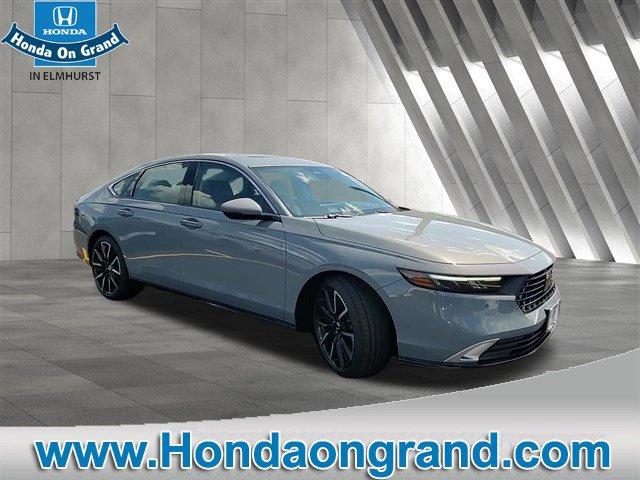 new 2025 Honda Accord Hybrid car, priced at $38,053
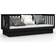 vidaXL daybed 90x190 massivt Sofa 3 personers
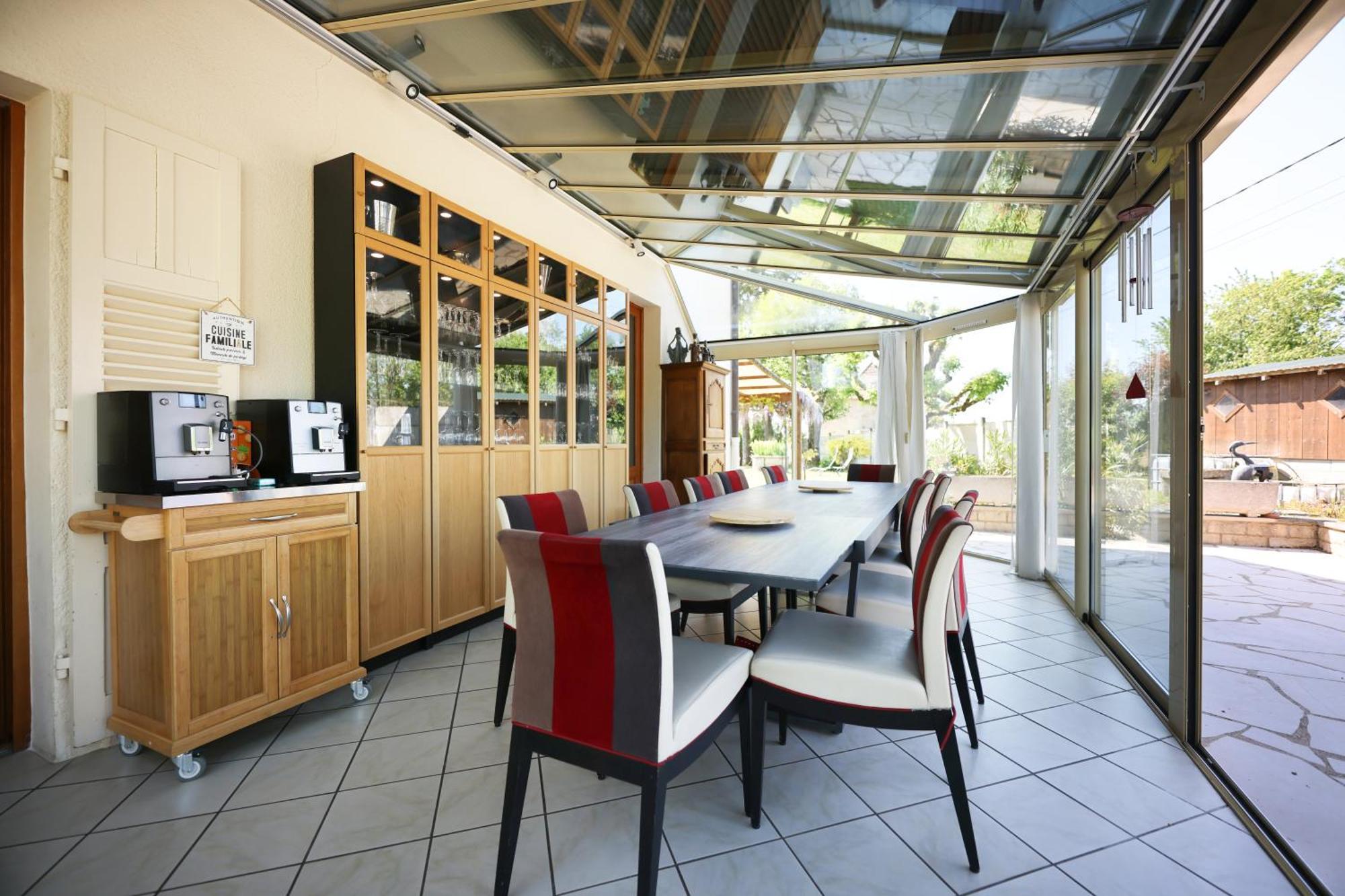 Au Bon Vivant Dampierre-sur-Salon Exterior photo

_ _ _ _ _

> [Required action]: Return the lines exactly, from the one containing "vidaXL daybed 90x190" through the last line above, including both ends and excluding every picture.

> [Solution for this task]:
 vidaXL daybed 90x190 massivt Sofa 3 personers
 Au Bon Vivant Dampierre-sur-Salon Exterior photo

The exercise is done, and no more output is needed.